Dışarıda gezip dolaşanlar çok olmasına rağmen imamın dışında dört cemaat
vardık. Namazı kılıp çıktım. Çıkışta kapıya yapıştırılmış bir uyarı dikkatimi
çekti: “Cami İçerisinde Gelinlikle Fotoğraf Çekimi Yapmayınız!” uyarısı. Bu
uyarı da benim garibime gitti. Gelin ve damadın en mutlu günlerinde bu anlarını
ölümsüzleştirmek için camiye gelip fotoğraf çektirmelerinde ne sakınca
olabilir? Bence hiçbir sakınca olmaz. Sadece cemaatle namaz kılınırken bir
sınırlama getirilebilir. Bunun yolu da cami girişine bu yasak uyarısını yazmak
olmamalı diye düşünüyorum.
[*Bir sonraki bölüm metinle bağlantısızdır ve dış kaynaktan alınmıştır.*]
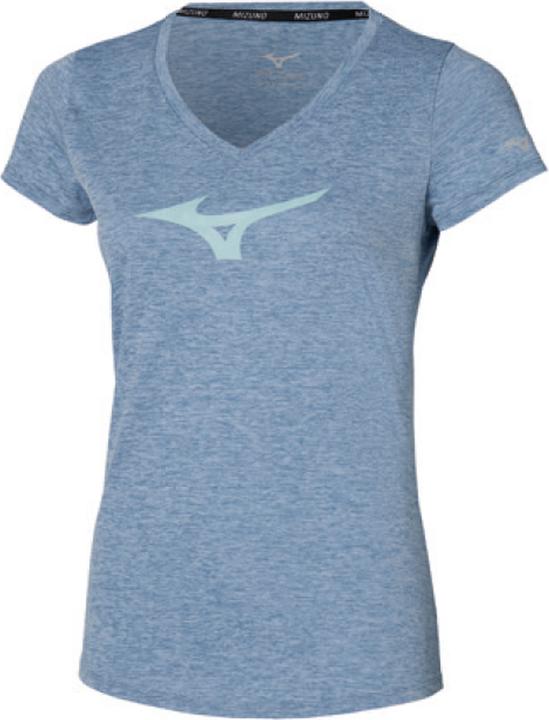 Produktbild Mizuno Core RB Tee (L)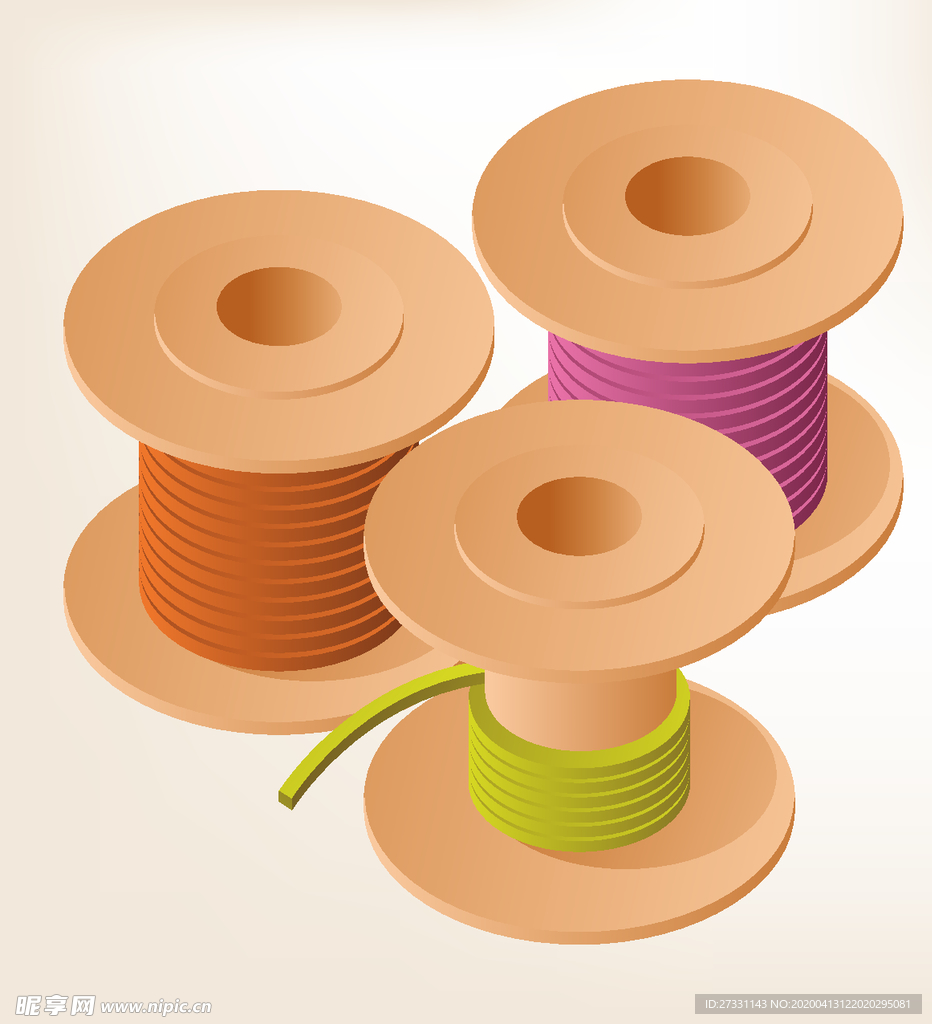 商务图标 办公图标 生活图标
Camide gelinin gelinlikle foto çekimine izin vermeyen
bir görevli, diğer etkinliklere sıcak bakar mı? Bu kafayla maalesef makul
göreceğini sanmıyorum.
Hasılı
camilerimizi çok fonksiyonlu kullanmak için önce bazı din görevlilerini ve
cemaate gelenleri eğitmekle işe başlamak gerektiğini düşünüyorum.
Camiler
haftası münasebetiyle camilerimizin yeniden çok yönlü bir işleve dönüşmesi en
büyük temennimdir. Özellikle cami ve ilim temasından hareketle camileri ilim
yuvasına dönüştürmek birinci önceliğimiz olmalıdır.
*03/10/2020 tarihinde Anadolu'da Bugün gazetesinde yayımlanmıştır.